Churchill’s substantive criticism deeply upset Demetriou, especially due to the sudden public exposure with Souths‘ season hanging in the balance ahead of Friday night’s game against their rivals. Churchill has subsequently apologised for his harsh observations and is currently subject to review by the ARL Commission, which is considering revoking his mandate to present the Clive Churchill Medal to the Grand Final’s best player.
Coach Demetriou was particularly disappointed with the incident, stating “First of all, [I thought] who? I didn’t know who it was when I first heard it. You have to put it into context when these comments came out. We were at 75 per cent [win rate] and joint top of the table [then], and Latrell was a huge part of that. He missed three months from that point on. To throw those kind of words at him are pretty disrespectful to him and his culture and most importantly to our club.”
Demetriou further voiced his disapproval about the public response to the issue, expressing he found it regretful that “a supposed private text” made its way as a headline news. He re-emphasised, “To jump on the bandwagon and throw more mud on him, it’s disrespectful. Unfortunately, it sums up the way people view our Indigenous people sometimes.”
The coach reflected on Churchill’s legacy in the game, one highly respected and displayed across the South Sydney offices. But he was quick to point out, “His name is on the wall here in the offices and around the building. He’ll always be a massive part of our club. But with that comes some respect for the players out there doing it now as well.”
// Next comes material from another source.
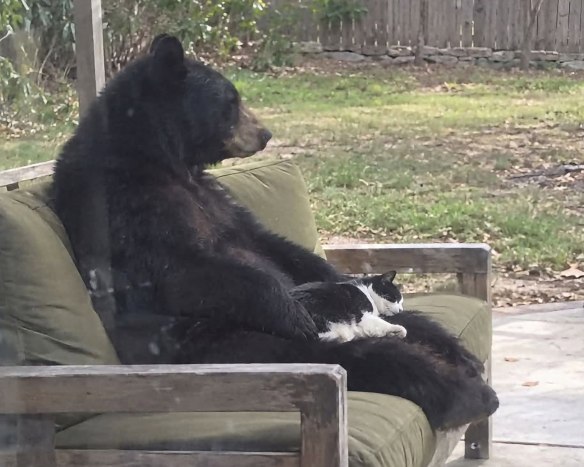 photo of bear with cat on its lap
Demetriou criticised the ease with which people undermine others in this contemporary world, especially influential figures. He indicated that influential figures in distress are often prime targets for criticism.
Regrettably, Mitchell wouldn’t be playing in the clash against the Roosters due to suspension, but Demetriou was optimistic about winning against the Roosters and having Mitchell return for the initial week of the finals.
Recently, Mitchell faced accusations of receiving preferential treatment from Demetriou and Souths and was further confronted with Churchill’s comments. These incidents sparked fears that Mitchell, a representative of the Biripi and Wiradjuri tribes, might decide to step away from the sport altogether.
In the wake of the controversy, Mitchell sought solace in the wilderness, posting a tranquil sunset photo with the caption: “Can’t hear the noise from up here.”
An upbeat Demetriou expressed his happiness for Blake Taaffe, who will be replacing Mitchell as a fullback, stating that Taaffe having a chance to run out with a full-strength Souths side was an exciting prospect. Furthermore, he demonstrated significant admiration for the returning Roosters fullback, James Tedesco.
Demetriou shared, “I’m happy for him [Taaffe] to play with a strong side because most of the games he’s played this year, we’ve had blokes missing. When we did have a strong side, he was outstanding in New Zealand. [As for Tedesco], he’s a Roosters’ player this week, you’re not supposed to like him, but you can’t not respect what he’s done and who he is and how he conducts himself.”